Tentu saja Sera mau. Tentu saja Sera dengan senang hati mengizinkan. Saat Januar merengkuh Sera semalam dan berbisik lembut, "After everything you've done, I still love you, with all I am. Sera, it's you. It's always been you." Sera meneguhkan hati untuk kembali mencoba menaruh lagi rasa percaya kepada lelaki, kepada Januar. Jika Jehian saja bisa dengan mudah menemukan perempuan baru dan jatuh cinta lagi dengan perasaan yang sepertinya amat menggebu-gebu, Sera juga pasti bisa, 'kan? Sera bukan mau berusaha tampil sok tegar di hadapan Jehian dengan berpura-pura bahagia. Sera ingin betulan bahagia, melepas bayang-bayang Jehian sepenuhnya.

Dan semalam, sehabis pergumulan panjang mereka, dalam dekap Januar yang hangatnya mampu menembus rongga dada Sera, Sera memutuskan akan mencintai Januar tanpa tapi lagi.
Bakal ia kesampingkan fakta bahwa Januar dan Jehian bersaudara. Sera hanya perlu fokus pada Januar dan menaruh segala hal tentang Jehian di masa lalu-menguburnya rapat-rapat.

Sera menyibak selimut, tersipu sesaat begitu menemukan diri berbalut baju Januar. Ia menurunkan kaki ke lantai, nyaris bangkit seandainya pintu tak terbuka dan Januar muncul di sana. Mata mereka bersitatap selagi Januar mengambil langkah untuk mendekat. Sampai di hadapan Sera, lekas jatuh kedua lutut Januar menyentuh karpet. Sera merunduk, tertegun, menatap sosok yang berlutut dengan sebuket besar bunga mawar. Sera berpaling sejenak ketika Januar mengulurkan merah-merah cantik di tangannya.

"Morning, Love." Januar menggeser sedikit buket itu demi bisa menatap wajah Sera. Ia tersenyum lembut mendapati sang kekasih merengut sedih dengan mata berkaca-kaca. Sejak semalam, Sera memang lebih sering menangis, tetapi perempuan itu bilang tangisnya adalah tanda bahagia, jadi Januar tidak ulurkan jemari untuk mengusapnya. "Maaf ya pergi gak bilang dulu, kamu nyenyak banget bobonya. Aku gak tega bangunin."

Sambil mengambil alih buket dari tangan Januar, Sera mengangguk.

"Suka?"

Lagi, anggukan Sera menjadi balasan. Sera memejam, menghidu wanginya dalam-dalam. Senyumnya merekah. Ketika ia kembali membuka mata, ia dapati Januar dan senyumannya yang sampai ke mata. Sedari awal Sera akui Januar kelewat tampan. Namun, pagi ini teduh tatap lelaki itu berkali lipat lebih mendebarkan dada. Sera bakal betah meski menatapnya seharian.

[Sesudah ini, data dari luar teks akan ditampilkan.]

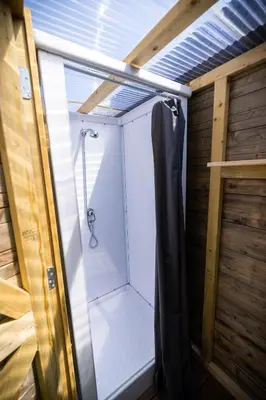 a shower with a glass door in a bathroom at Jachthaven Nieuwboer in Bunschoten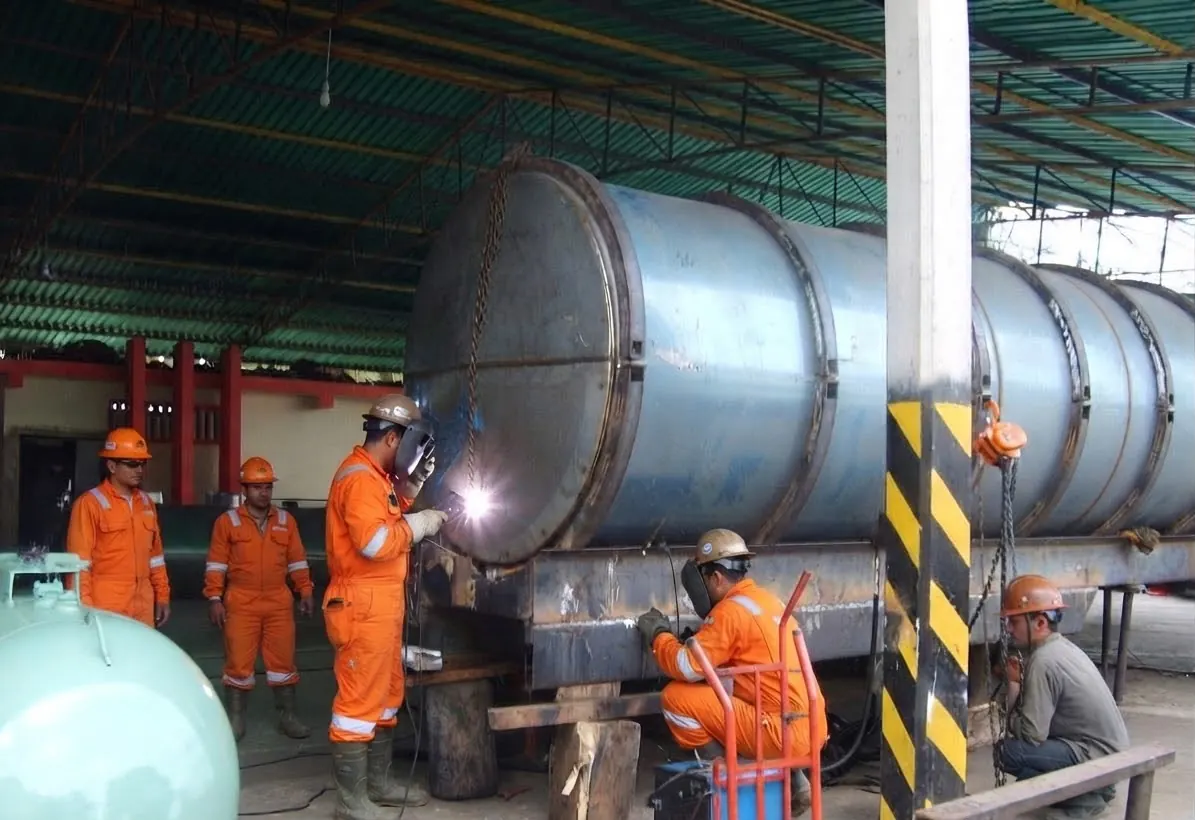 Crew welding a tanker in the workshop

Bunga diletakkan ke ranjang, tangan Sera menggapai bahu Januar, ditarik lebih dekat supaya dapat Sera dekap. Wangi maskulin menguar lembut dari tengkuk Januar, membuat Sera kian erat memeluk lelakinya. Yang Jehian lakukan semalam memang lumayan menyakitkan, tetapi ternyata momen manis yang diberikan Januar mampu menindih kilasan-kilasan di ruang TV.